Um mal endêmico entre os políticos
Se mesmo a dinastia Gandhi foi acusada de corrupção, o novo homem forte da Índia, Narendra Modi, não deixa nada a desejar a seus predecessores. Seus gastos de campanha com a edição legislativa (de 11 de abril a 19 de maio de 2019) bateram um recorde mundial
Quando o primeiro-ministro indiano, Narendra Modi, se apresentou como chowkidar (protetor) da nação, após os conflitos indo-paquistaneses que se seguiram ao atentado cometido na Caxemira em fevereiro de 2019, Rahul Gandhi, presidente do Partido do Congresso, replicou de imediato: “O protetor é um ladrão” (Chowkidar chor hai).

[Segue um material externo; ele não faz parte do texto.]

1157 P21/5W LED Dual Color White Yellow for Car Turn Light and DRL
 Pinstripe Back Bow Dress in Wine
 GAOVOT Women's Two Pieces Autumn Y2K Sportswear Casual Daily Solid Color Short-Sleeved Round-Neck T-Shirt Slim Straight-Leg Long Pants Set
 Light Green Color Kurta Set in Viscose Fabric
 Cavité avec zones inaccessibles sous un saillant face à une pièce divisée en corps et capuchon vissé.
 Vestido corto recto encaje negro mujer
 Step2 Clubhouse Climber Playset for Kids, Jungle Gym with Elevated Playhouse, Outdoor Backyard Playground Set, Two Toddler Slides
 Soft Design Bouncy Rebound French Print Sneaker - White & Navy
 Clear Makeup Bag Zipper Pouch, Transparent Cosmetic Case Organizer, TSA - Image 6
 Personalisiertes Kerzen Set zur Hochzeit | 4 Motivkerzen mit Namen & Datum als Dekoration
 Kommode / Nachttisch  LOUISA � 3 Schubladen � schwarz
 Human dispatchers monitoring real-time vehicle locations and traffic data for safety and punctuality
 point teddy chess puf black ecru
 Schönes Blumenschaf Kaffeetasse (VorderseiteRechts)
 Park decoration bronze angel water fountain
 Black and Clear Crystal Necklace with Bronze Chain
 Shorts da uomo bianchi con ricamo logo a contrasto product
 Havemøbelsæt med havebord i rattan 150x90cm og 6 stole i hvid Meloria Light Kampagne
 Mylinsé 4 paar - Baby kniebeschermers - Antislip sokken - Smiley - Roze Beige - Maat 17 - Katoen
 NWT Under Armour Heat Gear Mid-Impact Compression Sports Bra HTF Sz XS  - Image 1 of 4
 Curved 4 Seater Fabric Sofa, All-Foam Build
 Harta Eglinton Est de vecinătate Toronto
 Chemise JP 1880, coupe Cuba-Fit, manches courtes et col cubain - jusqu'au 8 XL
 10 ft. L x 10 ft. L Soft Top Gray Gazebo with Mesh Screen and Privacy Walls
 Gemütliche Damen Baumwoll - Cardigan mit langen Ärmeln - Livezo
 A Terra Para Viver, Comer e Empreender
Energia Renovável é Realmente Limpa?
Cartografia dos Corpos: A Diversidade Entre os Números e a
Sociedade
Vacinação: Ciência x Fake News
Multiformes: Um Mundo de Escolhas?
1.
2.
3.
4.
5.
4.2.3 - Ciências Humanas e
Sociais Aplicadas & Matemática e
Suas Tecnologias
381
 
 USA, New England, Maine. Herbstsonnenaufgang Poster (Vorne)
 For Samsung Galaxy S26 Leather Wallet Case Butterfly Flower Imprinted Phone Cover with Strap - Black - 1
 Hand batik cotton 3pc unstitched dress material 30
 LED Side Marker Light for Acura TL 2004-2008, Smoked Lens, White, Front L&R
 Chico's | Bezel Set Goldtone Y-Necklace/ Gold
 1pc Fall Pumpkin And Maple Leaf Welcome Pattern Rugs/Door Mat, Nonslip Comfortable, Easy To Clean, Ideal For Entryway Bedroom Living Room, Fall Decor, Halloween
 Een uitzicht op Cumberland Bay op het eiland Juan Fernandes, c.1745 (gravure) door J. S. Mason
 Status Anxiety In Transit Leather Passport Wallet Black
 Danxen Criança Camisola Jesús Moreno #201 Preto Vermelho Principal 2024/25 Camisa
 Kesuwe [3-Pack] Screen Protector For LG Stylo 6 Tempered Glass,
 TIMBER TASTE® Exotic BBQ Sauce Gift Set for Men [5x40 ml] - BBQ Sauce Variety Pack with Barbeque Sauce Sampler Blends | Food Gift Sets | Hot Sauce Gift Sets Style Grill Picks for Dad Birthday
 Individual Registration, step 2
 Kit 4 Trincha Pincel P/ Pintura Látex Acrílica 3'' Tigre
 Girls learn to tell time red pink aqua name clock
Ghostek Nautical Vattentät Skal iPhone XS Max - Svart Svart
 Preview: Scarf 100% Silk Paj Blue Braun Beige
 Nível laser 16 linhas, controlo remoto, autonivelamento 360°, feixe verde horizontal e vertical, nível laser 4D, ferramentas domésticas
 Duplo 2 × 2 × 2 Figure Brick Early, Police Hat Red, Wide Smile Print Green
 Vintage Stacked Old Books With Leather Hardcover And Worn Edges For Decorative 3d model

Em vista do sucesso obtido por Modi, reeleito em maio de 2019 com maioria ainda mais expressiva que em 2014,1 a fórmula não pareceu impressionar muito. Entretanto, a corrupção continua sendo uma constante na vida política – e na vida em geral – da Índia.
Para além dos escândalos que a imprensa consente em divulgar, a Índia é, com efeito, o país da zona Ásia-Pacífico onde o suborno e a propina são mais praticados. E os mais afetados são os mais desfavorecidos: 73% dos pobres precisam recorrer a isso pelo menos uma vez por ano, contra 55% dos mais favorecidos, conforme a Transparência Internacional, organização controvertida, mas a única a publicar estudos (ver boxe na pág. 5).2 A corrupção facilita o acesso a serviços que deveriam ser públicos: documentos administrativos, casos de polícia, ligações elétricas e até cuidados hospitalares. O mundo econômico também se queixa dessas coerções ilegais, ao mesmo tempo que é questionado em numerosos processos espetaculares, pois empresários comprometidos precisaram deixar o país e os vínculos entre meio político e financiamentos obscuros alimentam “o império dos bilionários”, como escreve o jornalista James Crabtree.3
Sonhando construir uma Índia “sem [o Partido do] Congresso”, o Bharatiya Janata Party (BJP) de Modi denuncia o caráter dinástico dessa formação que vem dominando o cenário político desde a independência, em 1946. Ele a acusa de cortejar os muçulmanos e instrumentalizar os escândalos que eclodiram sob os governos congressistas. Afirma, assim, que Rajiv Gandhi, pai de seu adversário eleitoral Rahul Gandhi, “chamado de ‘Senhor Limpeza’ por seus cortesãos, terminou a vida como o corrupto número um”.4 Trata-se de uma alusão de mau gosto (Rajiv Gandhi foi morto em um atentado suicida) ao caso Bofors, um contrato para aquisição de canhões suecos concluído depois que comissões foram pagas secretamente a diversos intermediários, políticos e altos funcionários do Ministério da Defesa. Revelado em 1987, o caso contribuiu para a derrota de Rajiv Gandhi nas eleições gerais de 1989 e para a cisão do Partido do Congresso. Em 2004, a Suprema Corte de Délhi inocentou-o.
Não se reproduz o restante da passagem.